• TASK DIRECTIONS
Exactly as they appear, write the lines from the one containing "Girls' Insulated Denay Jacket - Pink" to the final line of the entries, leaving pictures out.

• DATA RECORDS
- - - - - - -
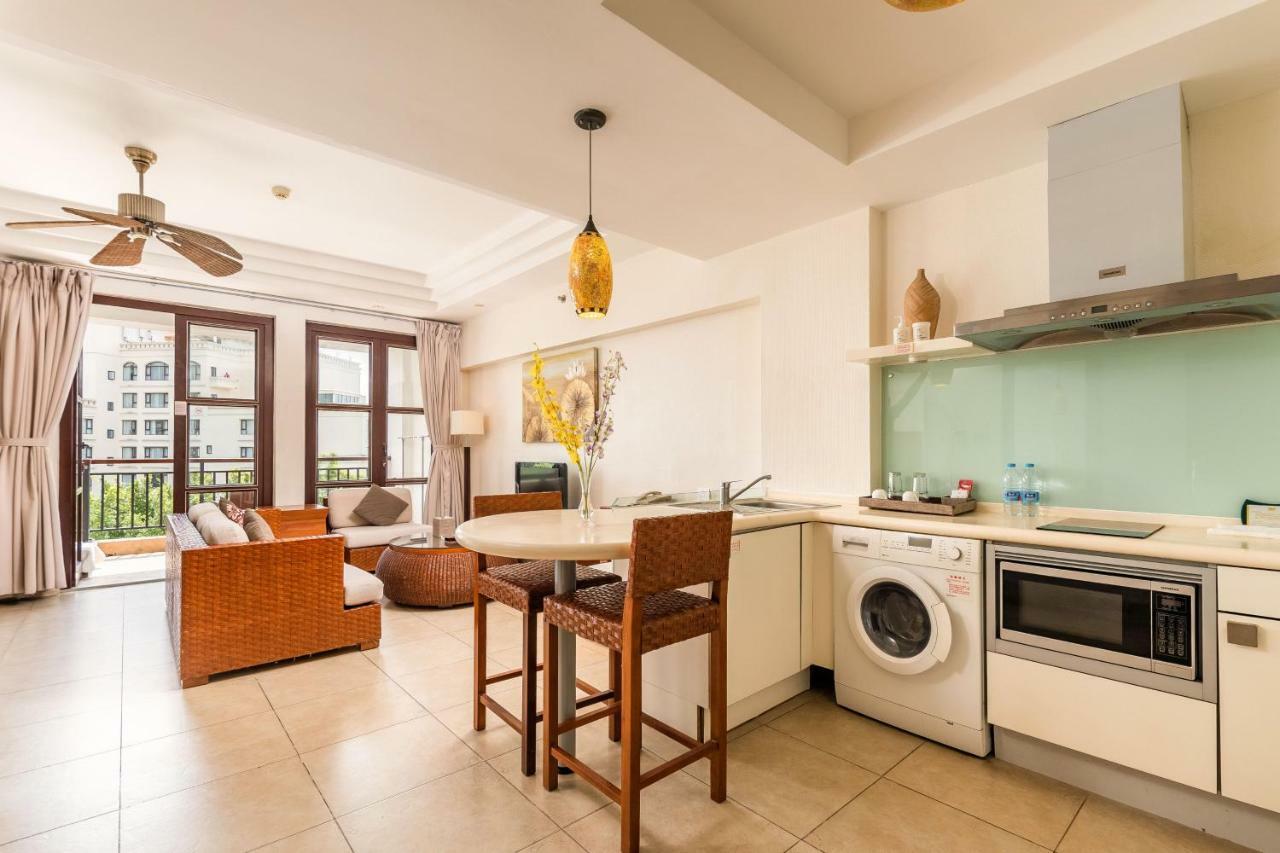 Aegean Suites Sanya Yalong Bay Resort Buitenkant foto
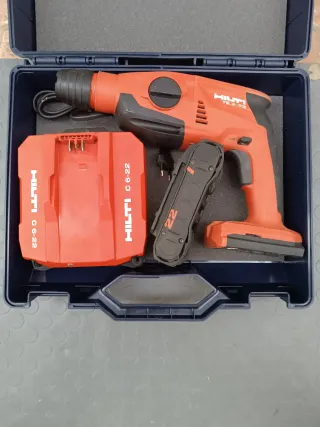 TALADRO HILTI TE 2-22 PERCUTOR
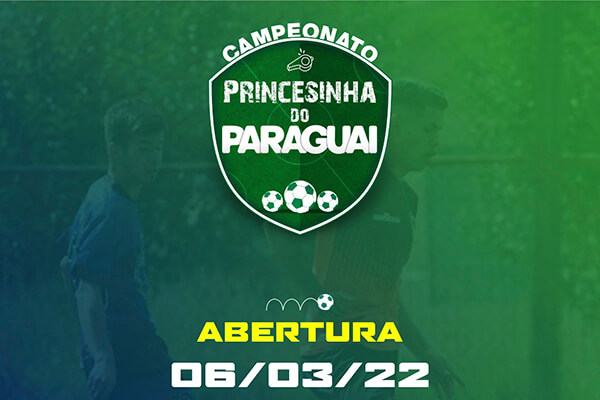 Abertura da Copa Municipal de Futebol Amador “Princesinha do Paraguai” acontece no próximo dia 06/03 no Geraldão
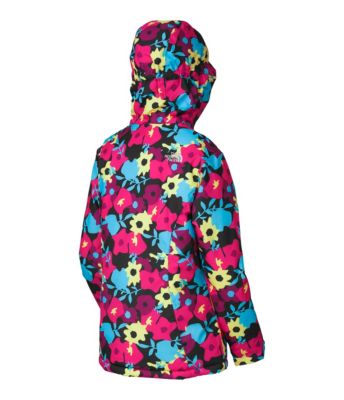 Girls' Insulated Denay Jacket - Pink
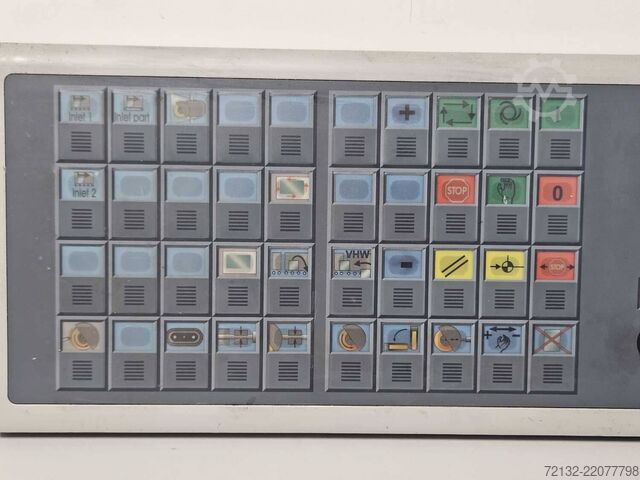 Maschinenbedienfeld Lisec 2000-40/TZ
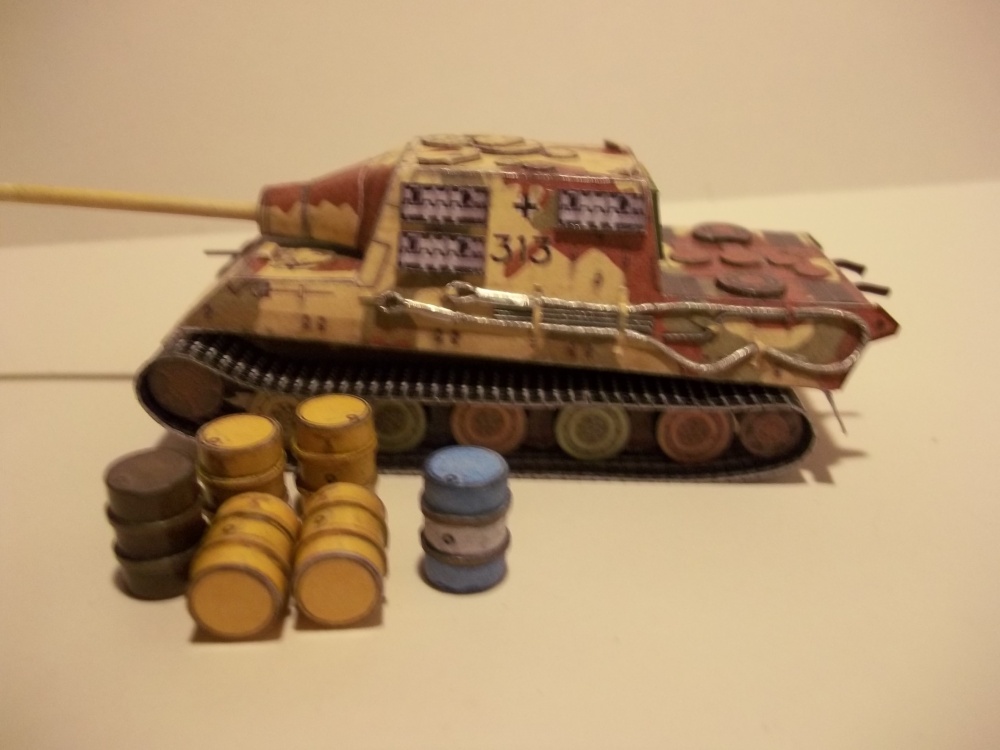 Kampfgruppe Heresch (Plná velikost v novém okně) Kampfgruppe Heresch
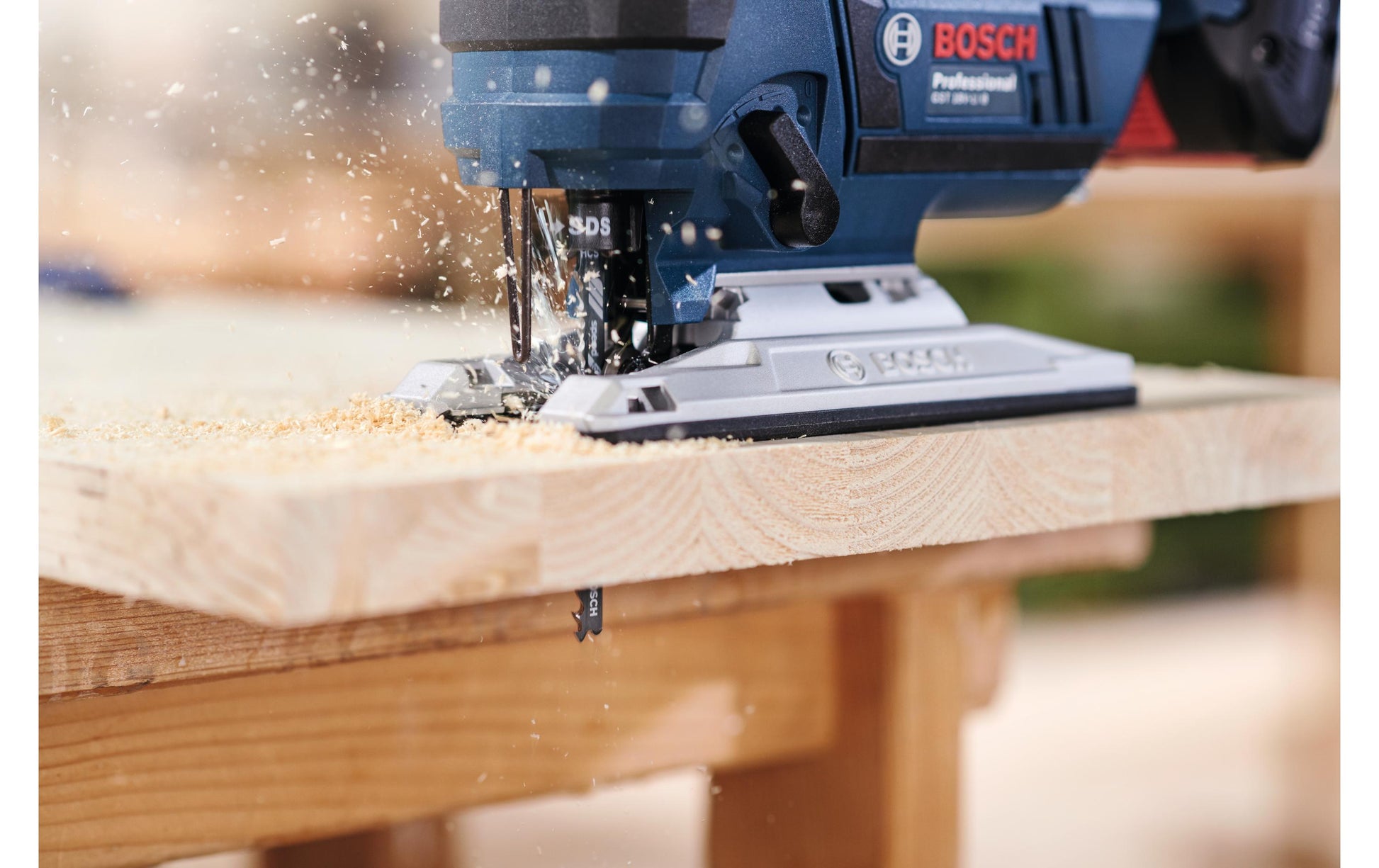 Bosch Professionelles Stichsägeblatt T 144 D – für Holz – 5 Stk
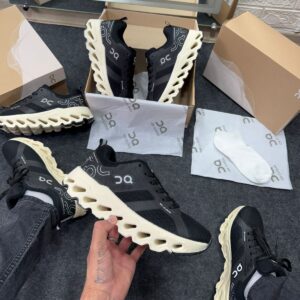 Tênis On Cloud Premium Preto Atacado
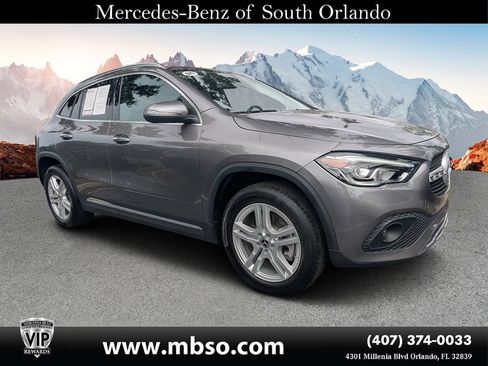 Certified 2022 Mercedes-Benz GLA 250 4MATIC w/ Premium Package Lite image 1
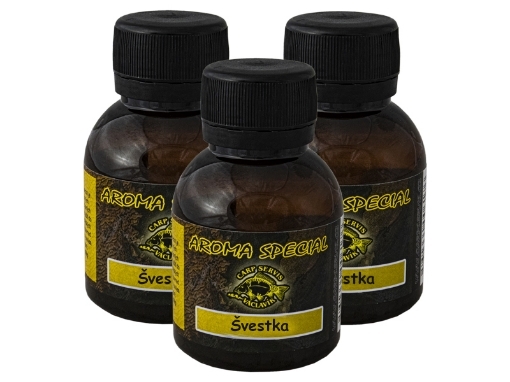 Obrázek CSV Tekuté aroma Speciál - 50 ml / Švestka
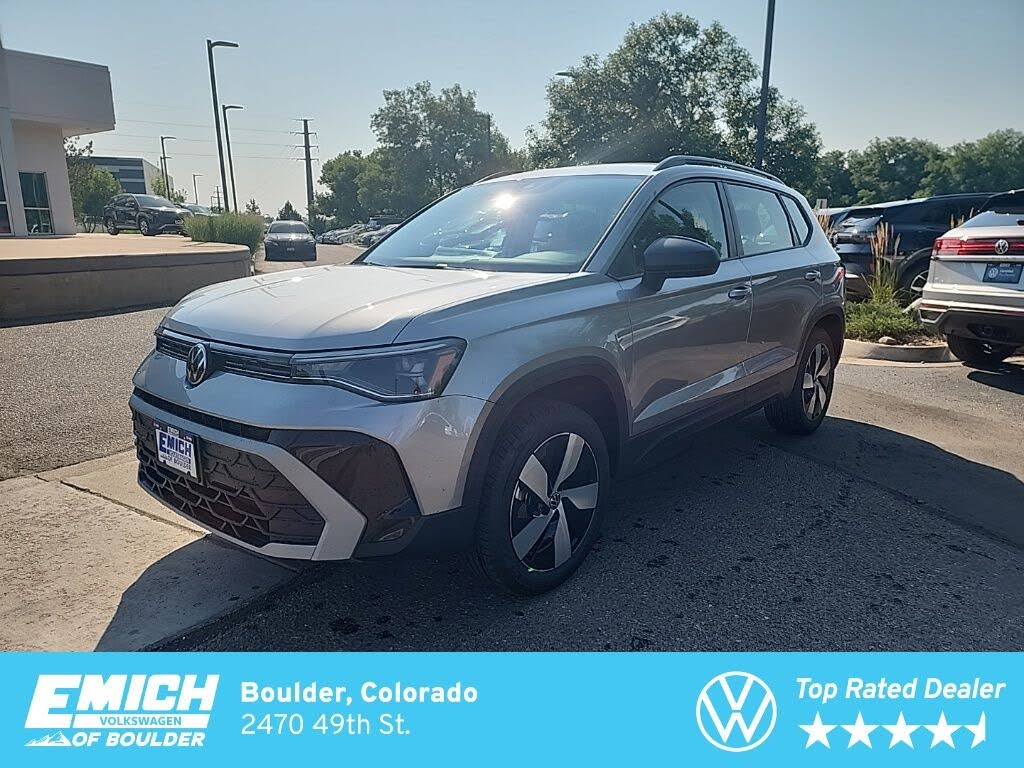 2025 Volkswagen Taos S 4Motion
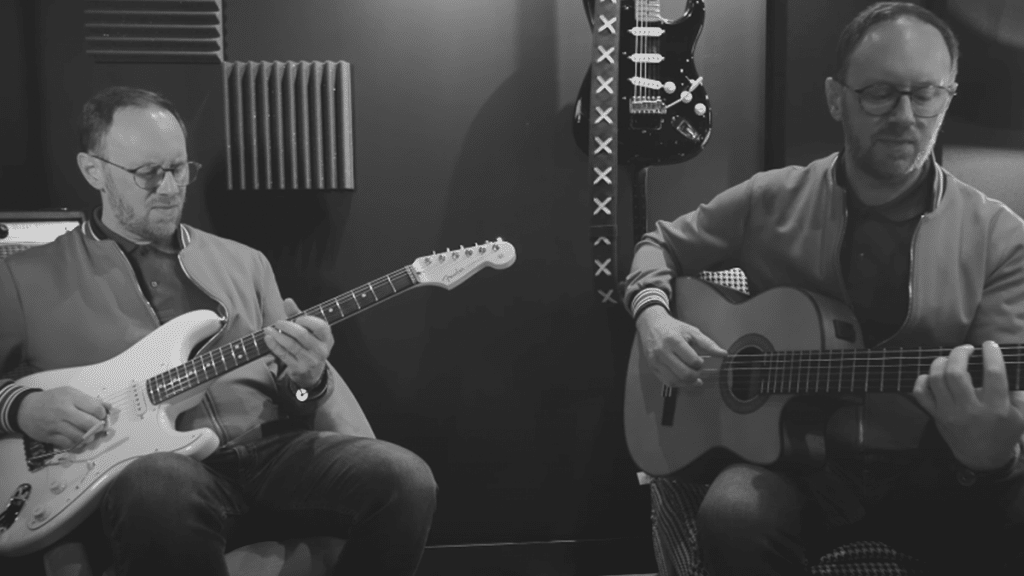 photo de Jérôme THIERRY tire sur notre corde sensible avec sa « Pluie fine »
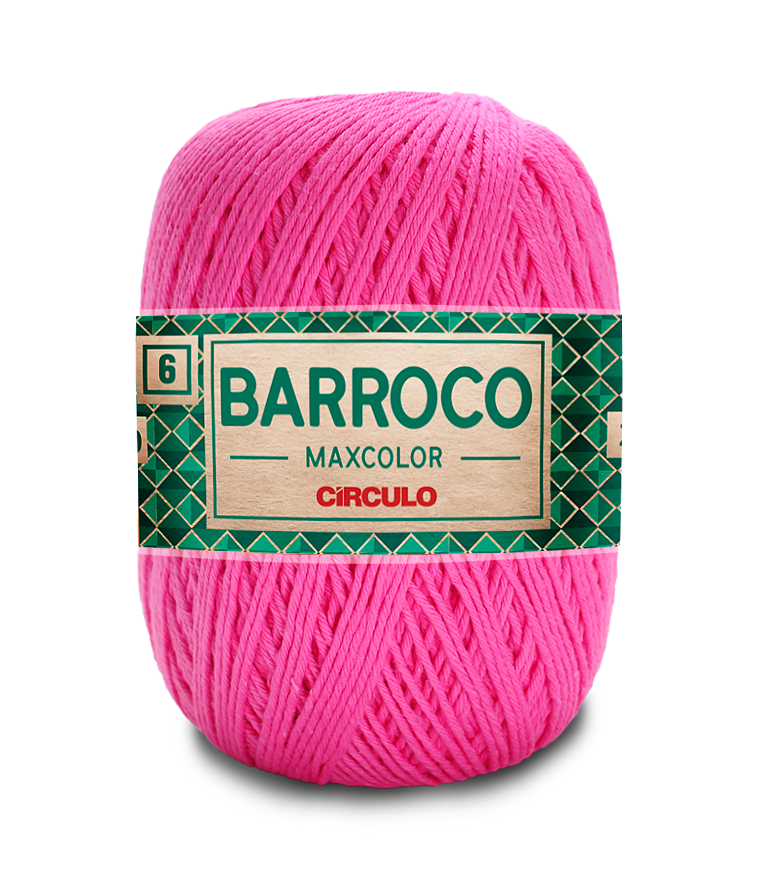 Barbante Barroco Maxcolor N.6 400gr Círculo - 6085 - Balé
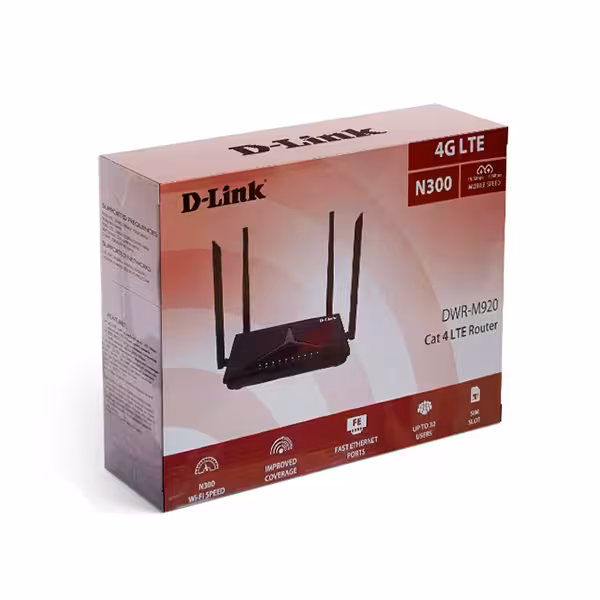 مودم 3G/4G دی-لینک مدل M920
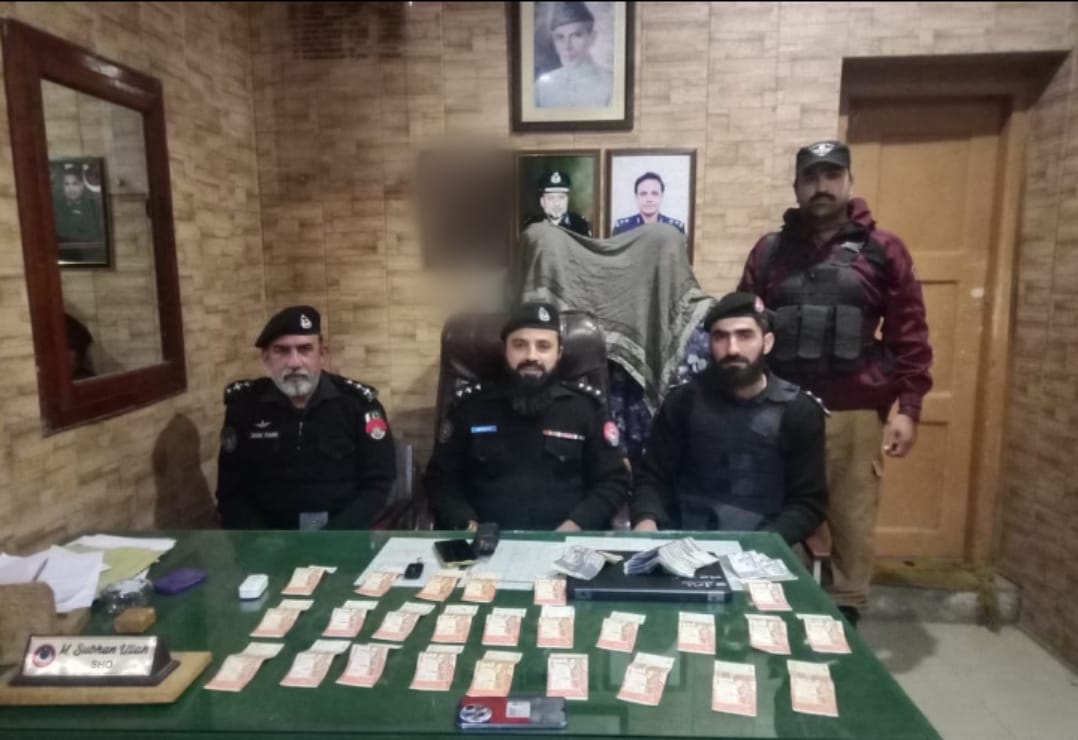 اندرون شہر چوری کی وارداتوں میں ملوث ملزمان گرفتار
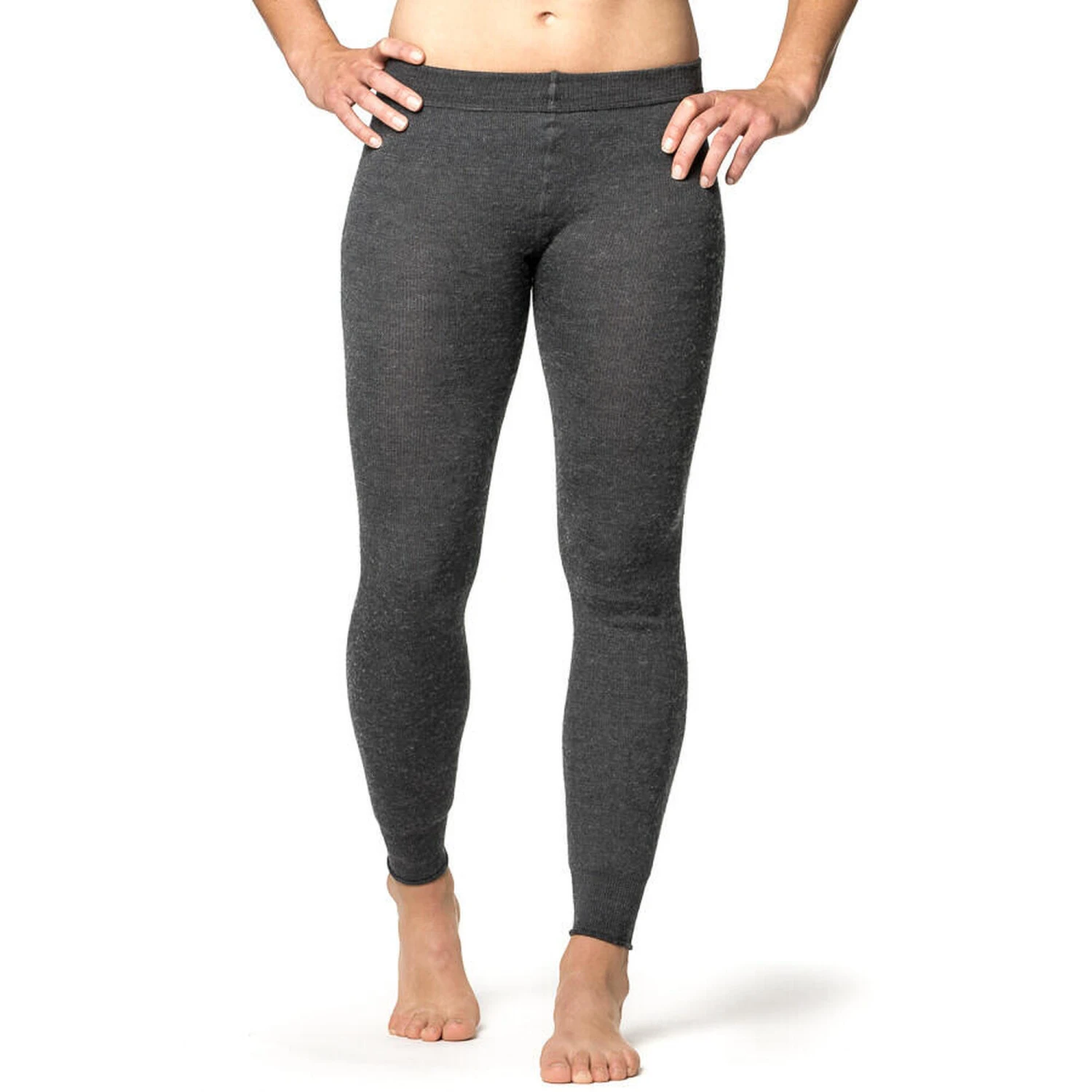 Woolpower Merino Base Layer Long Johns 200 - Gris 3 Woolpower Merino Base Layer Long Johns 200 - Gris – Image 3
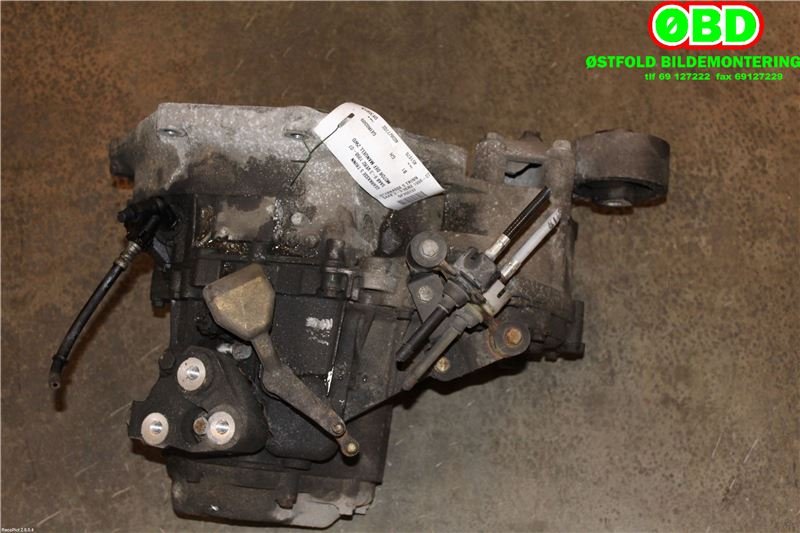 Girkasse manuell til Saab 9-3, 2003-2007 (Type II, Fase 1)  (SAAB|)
- - - - - - -
• WRITTEN SOLUTION
 Girls' Insulated Denay Jacket - Pink
 Maschinenbedienfeld Lisec 2000-40/TZ
 Kampfgruppe Heresch (Plná velikost v novém okně) Kampfgruppe Heresch
 Bosch Professionelles Stichsägeblatt T 144 D – für Holz – 5 Stk
 Tênis On Cloud Premium Preto Atacado
 Certified 2022 Mercedes-Benz GLA 250 4MATIC w/ Premium Package Lite image 1
 Obrázek CSV Tekuté aroma Speciál - 50 ml / Švestka
 2025 Volkswagen Taos S 4Motion
 photo de Jérôme THIERRY tire sur notre corde sensible avec sa « Pluie fine »
 Barbante Barroco Maxcolor N.6 400gr Círculo - 6085 - Balé
 مودم 3G/4G دی-لینک مدل M920
 اندرون شہر چوری کی وارداتوں میں ملوث ملزمان گرفتار
 Woolpower Merino Base Layer Long Johns 200 - Gris 3 Woolpower Merino Base Layer Long Johns 200 - Gris – Image 3
 Girkasse manuell til Saab 9-3, 2003-2007 (Type II, Fase 1)  (SAAB|)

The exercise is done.